Le défi : descendre trois fois plus profond que les planeurs européens actuels
ALSEAMAR ne part pas de zéro : l’entreprise est aujourd’hui le seul fabricant européen de gliders capables d’atteindre environ 1 250 m. Le nouveau modèle, qui devra évoluer à 3 500 m, représente toutefois un véritable défi technique.
Pression colossale, autonomie énergétique, endurance mécanique, communication acoustique, gestion de la flottabilité... chaque composant devra être repensé. Le planeur utilisera le principe de la propulsion par changement de flottabilité, sans moteur, afin de parcourir de longues distances en silence et avec une consommation minimale d’énergie.
L’objectif est clair : offrir à la communauté scientifique une plateforme robuste, durable et capable d’observer en continu les profondeurs où aucun robot autonome traditionnel ne peut opérer longtemps.
Premiers essais en Méditerranée, déploiement majeur à Mayotte
Le projet s’articulera en deux phases opérationnelles.
1. Démonstration en Méditerranée
Le glider sera d’abord testé dans le bassin méditerranéen. Cette étape doit permettre d’améliorer l’observation des variations physiques et biogéochimiques des eaux profondes, un enjeu clé pour comprendre la circulation océanique et ses évolutions.
2. Mission d’un an au large de Mayotte
Plusieurs prototypes seront ensuite envoyés autour du volcan sous-marin Fani Maoré, dont l’activité a généré depuis 2018 une série de séismes et d’émissions volcaniques inhabituelles. Les planeurs permettront de collecter des données précieuses pour affiner la surveillance sismique et volcanologique de la région.
Ce déploiement d’un an a pour objectif d’améliorer la compréhension des risques naturels et de renforcer les outils de prévention.
Une avancée majeure pour l’océanographie française
Ce nouveau planeur profond pourrait devenir un outil décisif pour la recherche océanographique française, en offrant une capacité inédite d’observation continue dans des zones jusqu’ici difficiles d’accès.
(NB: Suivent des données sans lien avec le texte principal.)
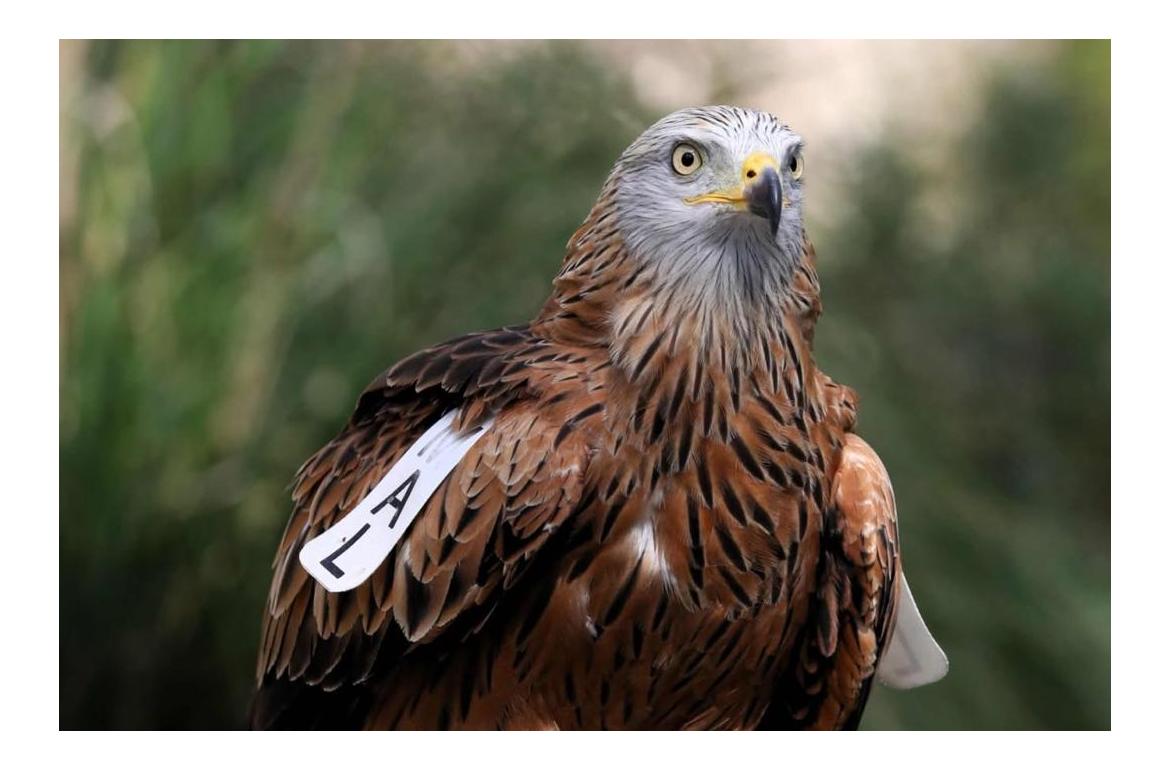 milanes a Sa Comuna de Bunyola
Il contribuera aussi à renforcer la souveraineté scientifique et industrielle de la France dans un domaine où les technologies de pointe sont souvent concentrées entre quelques acteurs internationaux.
L’enjeu dépasse la seule innovation : il s’agit de mieux comprendre les dynamiques du monde profond, encore largement méconnu alors qu’il joue un rôle central dans la régulation du climat, dans la biodiversité et dans les risques géologiques.